Twenty-two-year-old
Kate Moennig was extolling the talents of her aunt and fellow
thespian, Blythe Danner, over an iced chai at Café Orlin on a recent
Friday morning.
"She’s
such a wonderful actress," she said solemnly, before her brow
wrinkled with a distant memory from high school civics class. The
teacher had screened The Great Santini, and Ms. Moennig
couldn’t take her eyes off the elegant blonde who played Robert
Duvall’s wife.
"I’m
like ‘Damn, that woman looks so familiar to me!’" Ms. Moennig
remembered excitedly. "And I came home that day and I was talking
to my mom, and my mom was like, ‘Blythe is in that.’ And it was
like, ‘Oh yeah, that’s who she is!’ So I went in the next day
and was like, ‘That’s my aunt!’" Her classmates were
unimpressed.
Had
her civics class screening taken place just a few years later, Ms.

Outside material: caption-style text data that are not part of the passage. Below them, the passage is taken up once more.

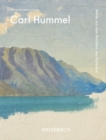 Carl Hummel : Werke aus dem Nachlass des Kunstlers - Book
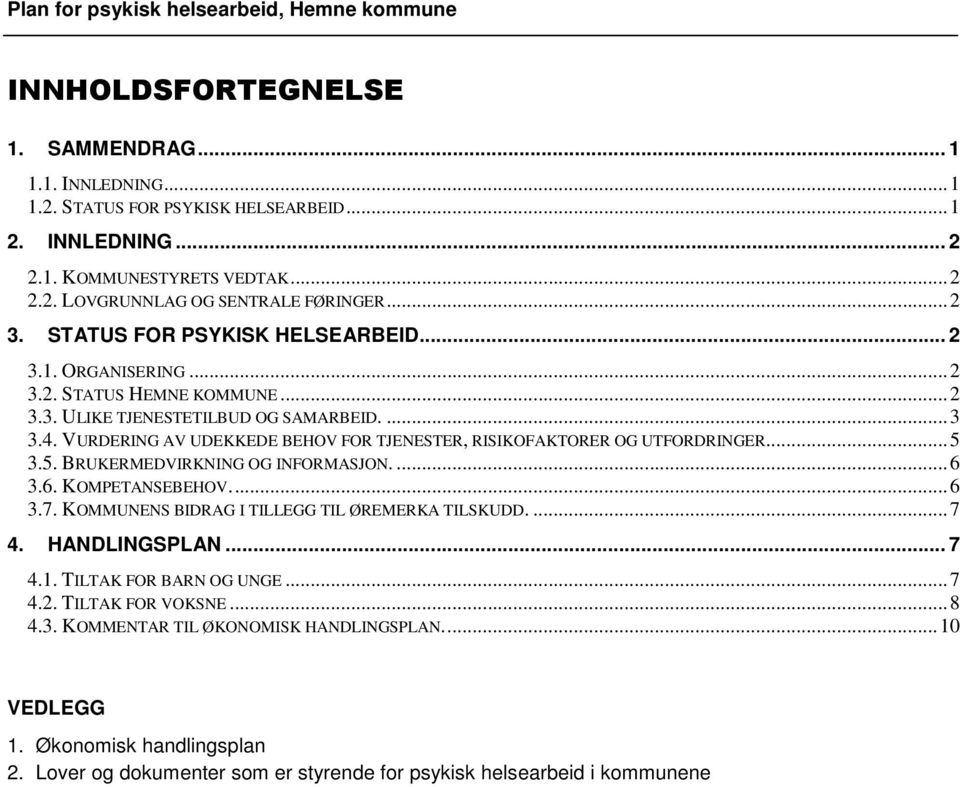 VURDERING AV UDEKKEDE BEHOV FOR TJENESTER, RISIKOFAKTORER OG UTFORDRINGER...5 3.5. BRUKERMEDVIRKNING OG INFORMASJON....6 3.6. KOMPETANSEBEHOV...6 3.7. KOMMUNENS BIDRAG I TILLEGG TIL ØREMERKA TILSKUDD.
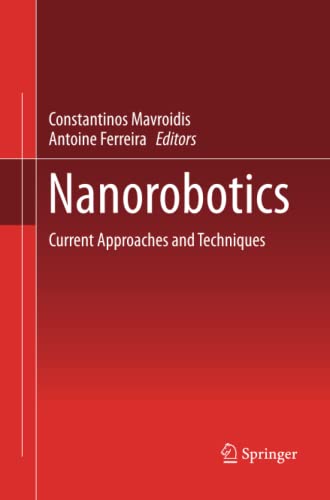 Nanorobotics: Current Approaches and Techniques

Moennig’s classmates would have given her a little more
satisfaction. For, if Ms. Danner is her father’s sister, then that
surely means that Gwyneth Paltrow is … her … cousin. And there are
a lot of people on this earth who would love to know what the
star of Shakespeare in Love–the blessed First Lady of
Miramax, for chrissakes–is really like.
Ms.
Moennig could probably tell them a thing or two. They even performed
on the same stage at the Williams-town Theater Festival, where Ms.
Moennig had a small non-speaking role in Ms. Paltrow’s stage debut,
As You Like It.
But
when the subject of Ms. Paltrow arose, a wary look crossed Ms.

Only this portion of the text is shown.